Istat: con la svolta dei dazi Usa più “vulnerabili” oltre 23mila imprese italiane (il 16,5% del totale export)

Istat: con la svolta dei dazi Usa più “vulnerabili” oltre 23mila imprese italiane (il 16,5% del totale export)

Un analogo indicatore di vulnerabilità d’impresa nei confronti dell’offerta estera (basato sul rapporto tra input importati e costi intermedi, sul grado di concentrazione merceologica e geografica delle importazioni e sull’acquisto di prodotti foreign dependent) mostra che le imprese vulnerabili all’import, nel 2022, erano ancora meno numerose di quelle vulnerabili all’export: circa 4.600 unità (0,1 per cento del totale), ma avevano dimensioni medie maggiori (oltre quadruple), una produttività del lavoro doppia rispetto alla media del sistema. Impiegavano circa 400 mila addetti e generavano il 5,7 per cento del valore aggiunto e, soprattutto, il 23,8 per cento delle importazioni complessive. L’incidenza più elevata si registrava nella Farmaceutica (il 20 per cento delle importatrici) o in comparti tendenzialmente a monte delle catene del valore, quali Legno (16,4 per cento di importatori vulnerabili), Coke (13,5 per cento), Chimica (9,7 per cento). Nel 2022 le imprese erano vulnerabili soprattutto all’importazione di materie prime e beni intermedi dalla Germania (quasi 900 unità) e in generale verso i mercati UE, mentre nel caso dei paesi extra UE si osserva nei confronti della Cina (circa 800 unità).
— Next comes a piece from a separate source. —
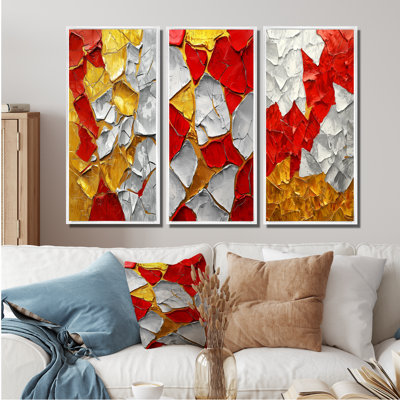 Abstract Fiery Fragmented Balance I - Yellow Abstract Print Wall Decor Collection 3 Pieces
Gli orientamenti protezionistici della politica commerciale statunitense dovrebbero colpire soprattutto l’UE

 

Il rapporto Istat rileva che vel 2024 il commercio mondiale in volume ha segnato una decisa accelerazione (+3,4 per cento secondo le stime del Fondo Monetario Internazionale, da +0,8 per cento del 2023). Il contributo più rilevante è stato fornito dall’Asia (inclusa la Cina); l’Europa, nel complesso, ha continuato nel 2024 a fornire un contributo negativo, penalizzata dalla guerra in Ucraina e dalla debolezza dell’economia tedesca. Gli orientamenti protezionistici della politica commerciale statunitense – si ribadisce – dovrebbero colpire soprattutto l’UE, che nel 2023 presentava un grado di apertura commerciale quasi quattro volte superiore a quello degli Stati Uniti, in crescita negli ultimi decenni anche a causa del persistere di barriere non tariffarie agli scambi interni al mercato unico europeo. La moderazione dell’inflazione globale e le previsioni di crescita economica stabile suggeriscono per il 2025 la prosecuzione della tendenza positiva del commercio internazionale. Sul futuro andamento degli scambi pesano tuttavia numerosi rischi al ribasso: gli indicatori relativi alla presenza di attriti commerciali internazionali e alle pressioni sulle catene globali di distribuzione, si mantengono su valori elevati. Inoltre, il ruolo crescente degli scambi di servizi (che strutturalmente attivano meno scambi rispetto ai beni), ha contribuito a una riduzione dell’elasticità del commercio alla crescita mondiale.

 

WTO: dal 2009 aumento delle misure restrittive globali fino a quasi 3mila miliardi di dollari

In base ai più recenti dati del WTO, l’insieme di misure restrittive alle importazioni è progressivamente cresciuto, con poche eccezioni, a partire dal 2009, toccando i 2.942 miliardi di dollari nel 2024, pari all’11,8 per cento delle importazioni mondiali. Tra il 2019 e il 2023 le esportazioni italiane in valore sono significativamente aumentate soprattutto verso degli Stati Uniti (+47,5 per cento) e la Cina (+47,8 per cento); nel 2024 si è invece registrata una flessione (-3,6 e -20,0 per cento; -5,0 per cento verso la Germania). Nel 2024, l’esposizione dell’Italia verso gli Stati Uniti (la quota di questo mercato sull’export italiano superava il 10 per cento) era simile a quella della Germania e superiore a quella di Francia e Spagna, mentre minore risultava l’esposizione verso la Cina (2,4 per cento, contro il 5,8 per cento della Germania).